As part of the SV Moms Group, I get to participate in a monthly book club. The book for the May club is "The Body Scoop for Girls: A Straight-Talk Guide to a Healthy, Beautiful You" by ob-gyn Jennifer Ashton. Now, another thing you all may know is that I no longer have daughters in the house to whom I should be imparting sage advice about sex and such. Consider my participation and reading of the book as a half-cussed attempt at the previously mentioned failure analysis. I was curious about what I may have failed to tell my daughters and figured there might still be time to impart some of the important stuff.

You see, I never had "the talk" with the girls. Not because I was scared to mention what some moms consider unmentionable, but because we talked about sex all the time. I don't mean we talked graphically about sex all the time, but starting when the girls were little, they were encouraged to ask me whatever, whenever. So I -- and I'm sure, they -- cannot recall one specific "birds-and-the-bees" talk. To be honest, I don't even know how the fabled birds-and-bees talk goes! So I just answered their questions as they came. And threw them period parties when that came. Oh, and I bought them "Just For Me" by Donna Ternes Wanner (and took them to Barnes & Noble to get the author's autograph!) to help spark any questions they may not have considered.

But I figured I could still use a little more evidence I didn't do everything right brushing up on the basics, so I signed up to receive, free from the publisher, "The Body Scoop for Girls." It came, I flipped through it, and I set it aside to peruse more thoroughly just before my book club post was due.
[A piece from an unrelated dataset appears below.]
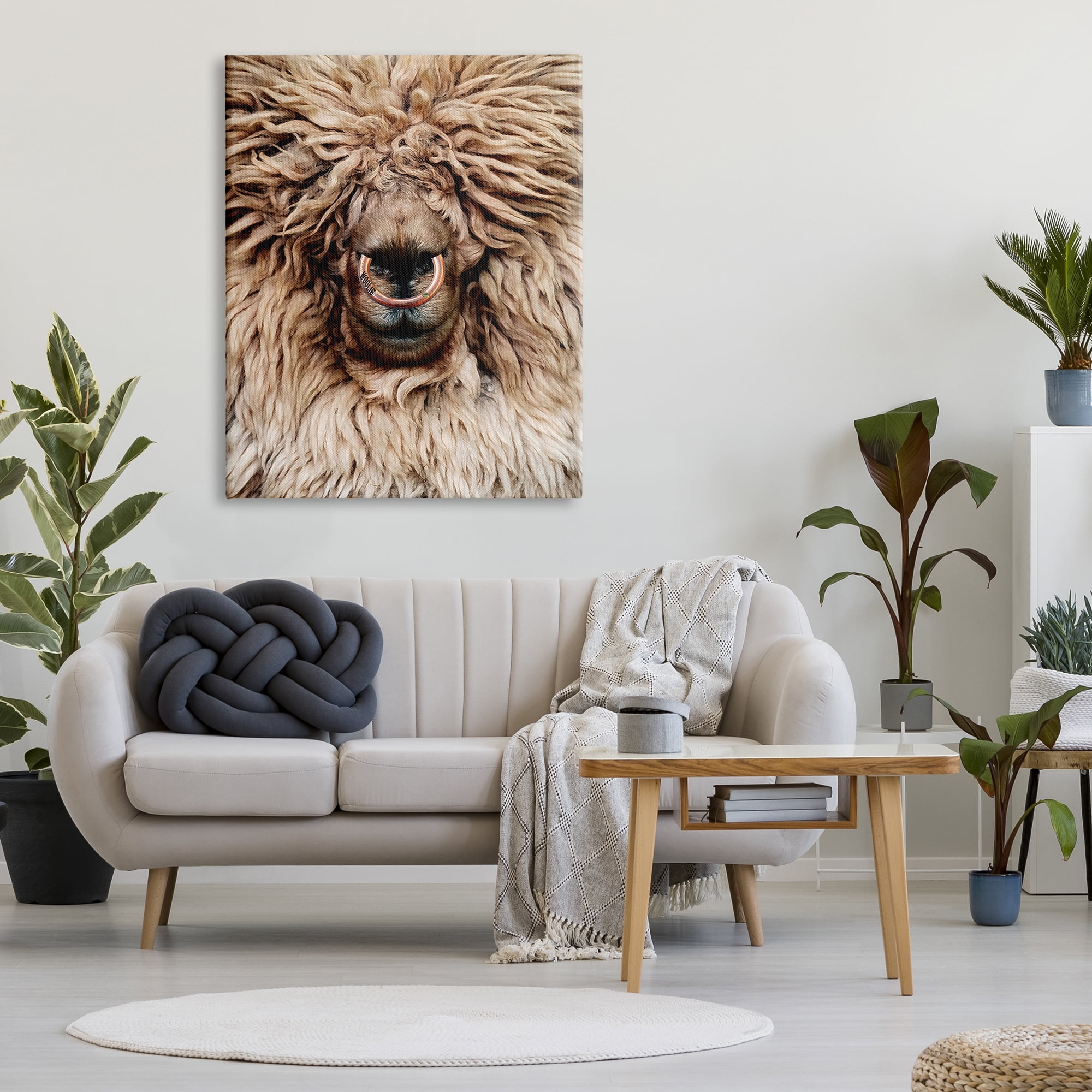 Stupell Industries Long Haired Sheep Portrait Animals & Insects Painting Gallery Wrapped Canvas Print Wall Art, 36 x 48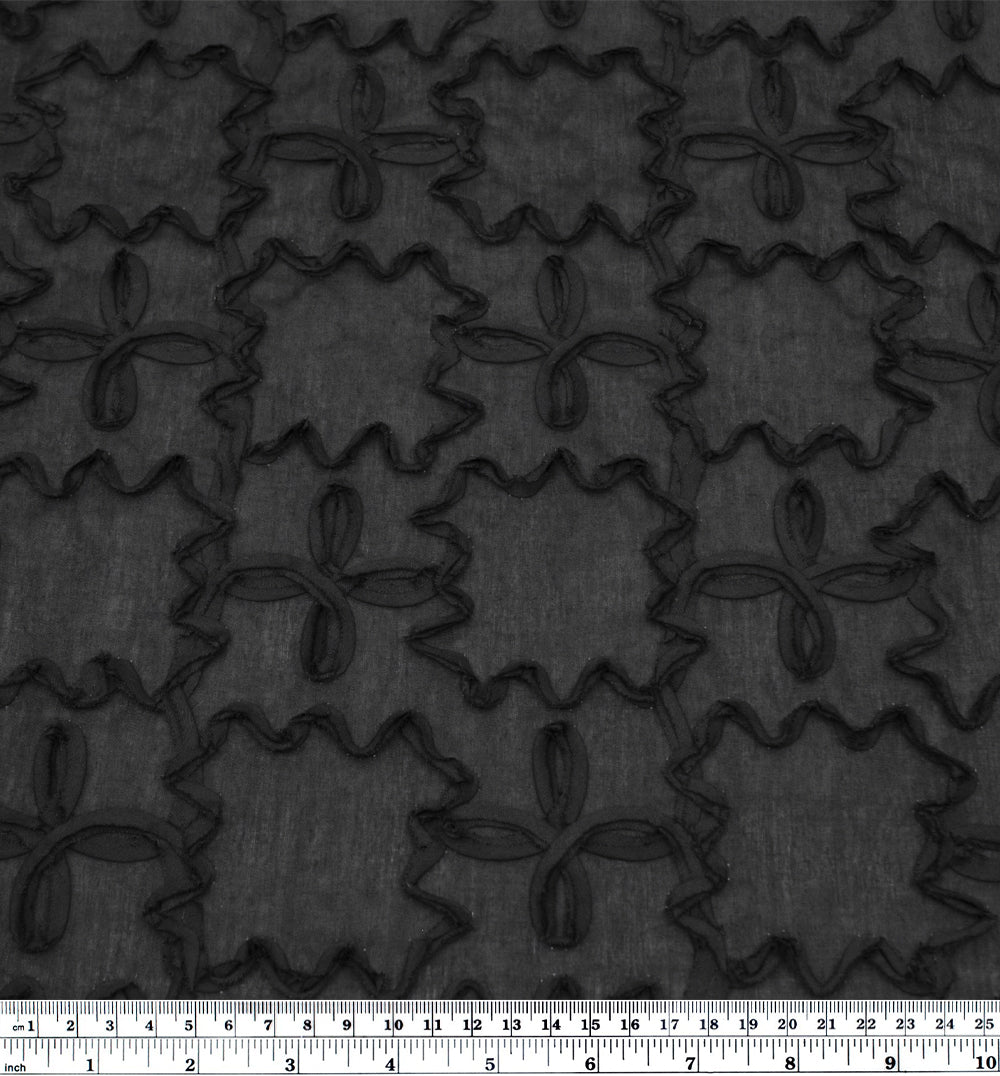 Deadstock Wiggle Poly Voile - Black | Blackbird Fabrics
Well, this is my book club post. Funny thing is that as I sat down at my desk to go through the book -- and decide whether to write about the chapter on periods (and our good ol' family period parties) or the chapter on sex, in which the author warns girls to never, ever tell their boyfriends they're on the pill because it'll keep the guy from wearing a condom -- my e-mail notification dinged.

As any schmuck who says she works from home freelance writer knows, the siren song of the inbox is impossible to ignore. So I opened my e-mail and found an update on the latest talks on TED.com. One of the talks was plugged as: "Despite her best efforts, Julia Sweeney is forced to tell a little white lie when her 8-year-old begins learning about frog reproduction."

Hmmm. I like Julia Sweeney; she makes me smile. And it seemed her talk may be relevant to the book I was perusing, preparing to write about. So I clicked.

And what to my wondering eyes should appear but Ms. Sweeney's description of having "the talk" with her daughter! Take a look:

THAT is really all a kid needs to know. Possibly even more than a kid needs to know!

So I put down "The Body Scoop for Girls" and figured I did okay with the girls. They surely know enough, I think, especially since they're now women ... and because I'm, ahem, a grandma. But if they don't think so, if they seek additional insight on how their bodies work, they know just where to go for more info.

And who to call if they want to borrow my copy of "Straight-Talk Guide to a Healthy, Beautiful You."

Today's question:

How did THE TALK go for you, as either the recipient or the provider of the facts of life?